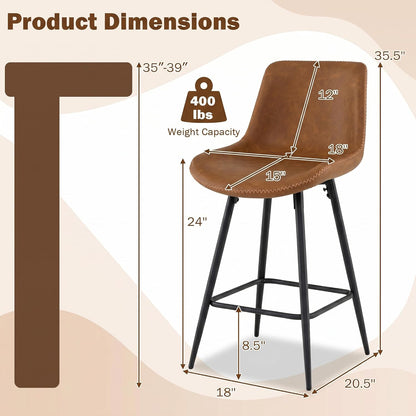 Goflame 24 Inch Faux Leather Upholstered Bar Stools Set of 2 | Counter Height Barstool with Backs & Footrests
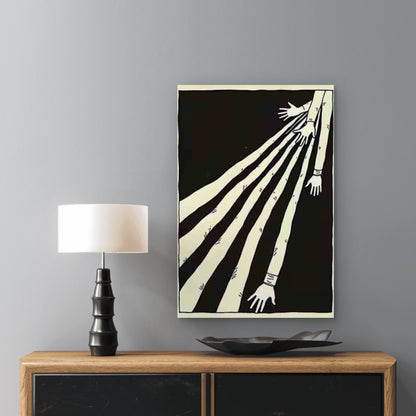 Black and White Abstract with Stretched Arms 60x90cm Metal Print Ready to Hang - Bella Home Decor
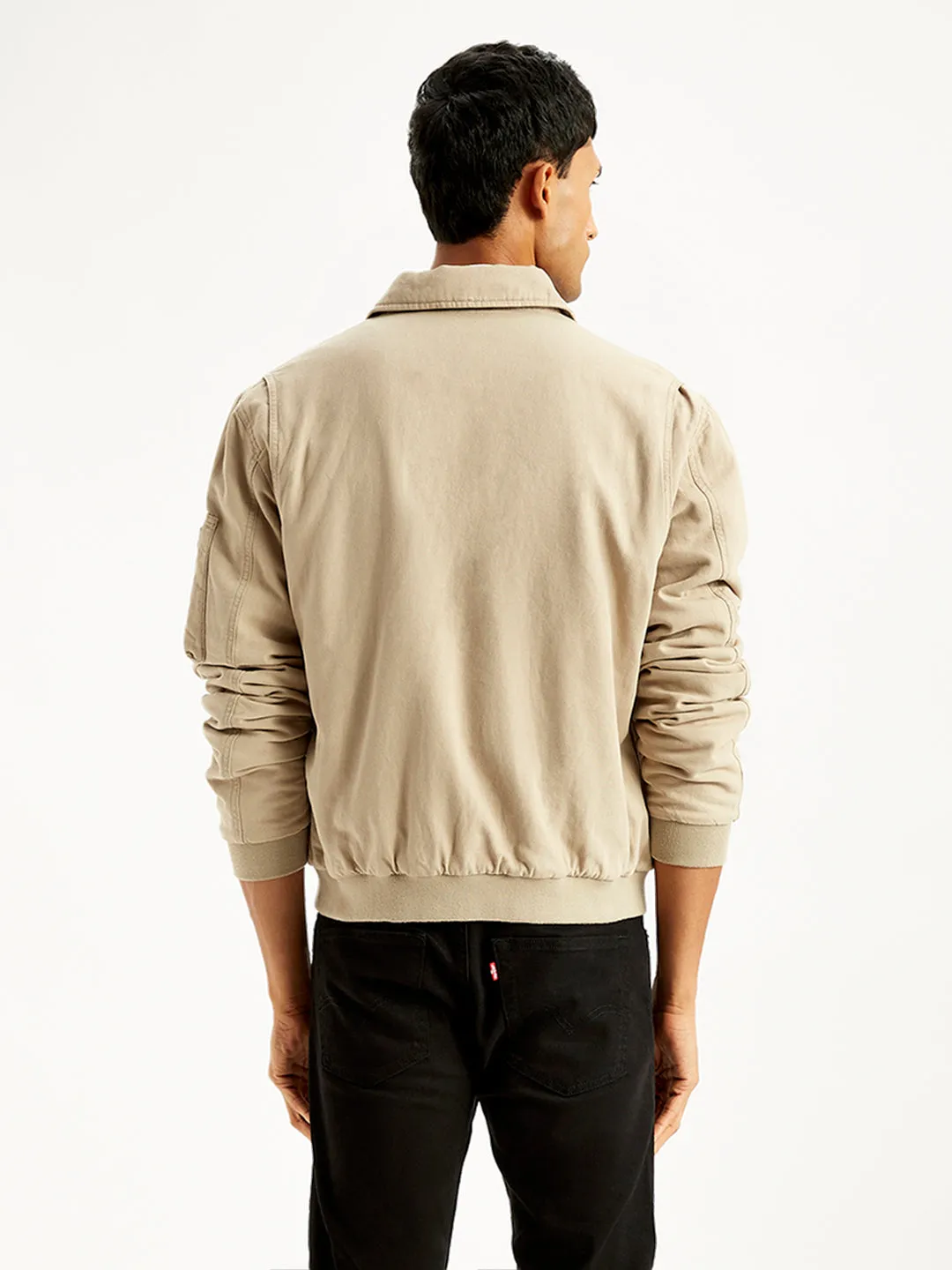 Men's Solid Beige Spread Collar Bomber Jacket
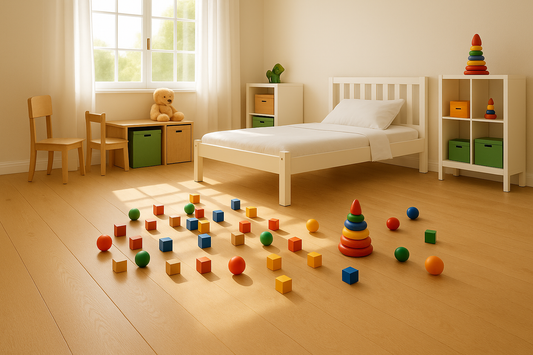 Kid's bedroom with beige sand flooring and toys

• [Your goal]:
Reproduce all the data as it stands. The pictures are not part of the copy.

• [Finished task]:
 Goflame 24 Inch Faux Leather Upholstered Bar Stools Set of 2 | Counter Height Barstool with Backs & Footrests
 Black and White Abstract with Stretched Arms 60x90cm Metal Print Ready to Hang - Bella Home Decor
 Men's Solid Beige Spread Collar Bomber Jacket
 Kid's bedroom with beige sand flooring and toys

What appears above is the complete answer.